*What needs to be done*
Transcribe every entry that follows exactly, omitting all pictures.

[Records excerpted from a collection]
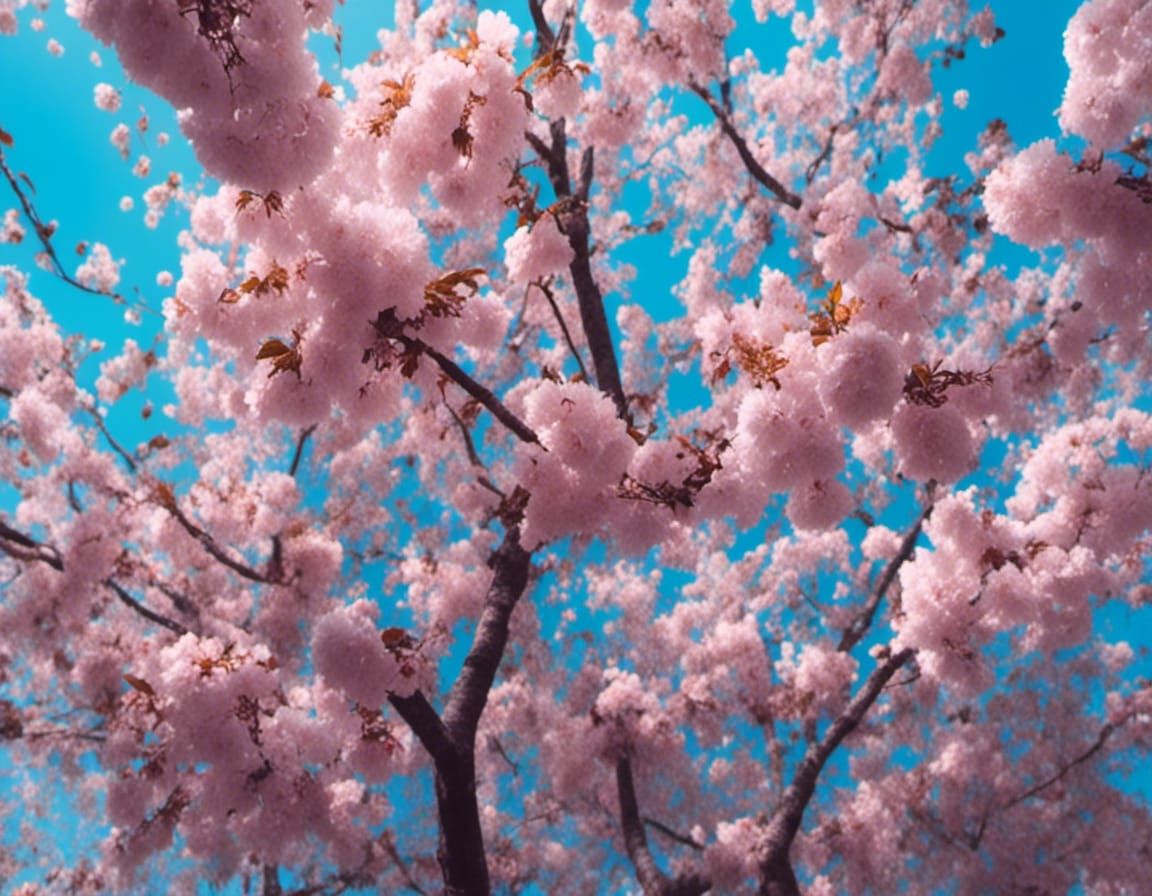 Illuminated Blue Cherry Blossoms: Macabre Tree Photo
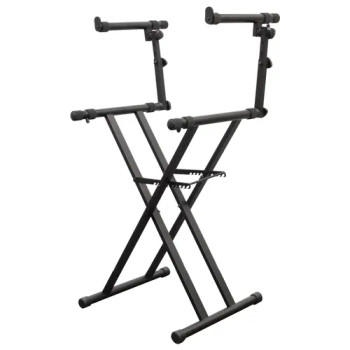 Black Heavy-Duty Two Tier X-Stand for DJ Coffins and Controller Cases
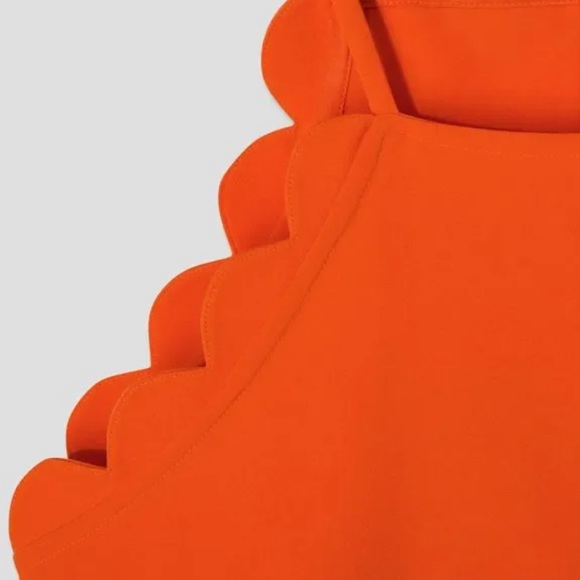 Victoria Beckham for Target Orange Scalloper Tie Romper - Picture 2 of 3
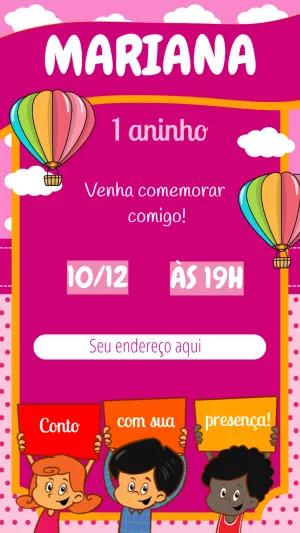 Convite Aniversário 3 Palavrinhas com Personagens para Editar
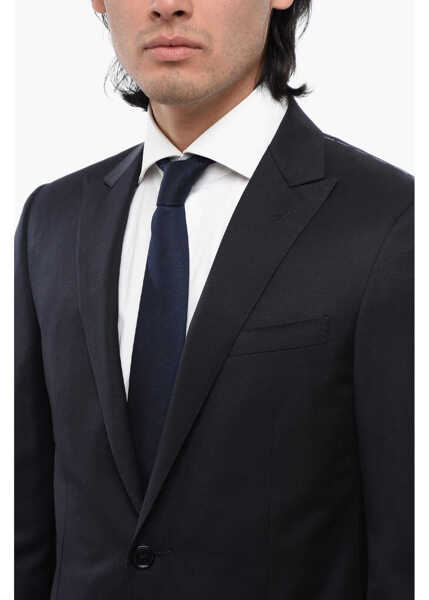 Sacouri CORNELIANI Center Vent Peak Lapel 1-Button Blazer Blue Barbati (BM 16493106) 3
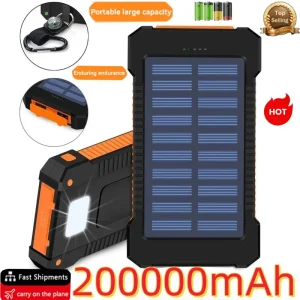 High Capacity 200000mAh Waterproof Portable Solar Power Bank with Fast Charging and SOS Flashlight for iPhone, iPad, Android, and Other Smart Devices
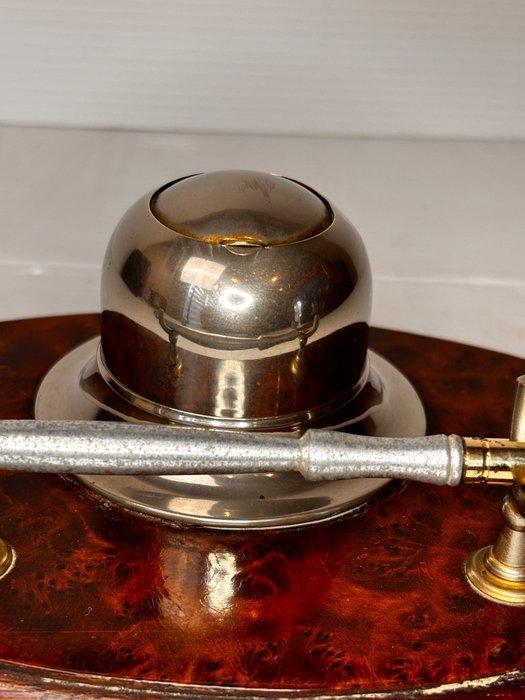 Inktpot - Hout (Mahonie), Messing, Antiek en Kunst, Curiosa en Brocante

*Response to the exercise*
 Illuminated Blue Cherry Blossoms: Macabre Tree Photo
 Black Heavy-Duty Two Tier X-Stand for DJ Coffins and Controller Cases
 Victoria Beckham for Target Orange Scalloper Tie Romper - Picture 2 of 3
 Convite Aniversário 3 Palavrinhas com Personagens para Editar
 Sacouri CORNELIANI Center Vent Peak Lapel 1-Button Blazer Blue Barbati (BM 16493106) 3
 High Capacity 200000mAh Waterproof Portable Solar Power Bank with Fast Charging and SOS Flashlight for iPhone, iPad, Android, and Other Smart Devices
 Inktpot - Hout (Mahonie), Messing, Antiek en Kunst, Curiosa en Brocante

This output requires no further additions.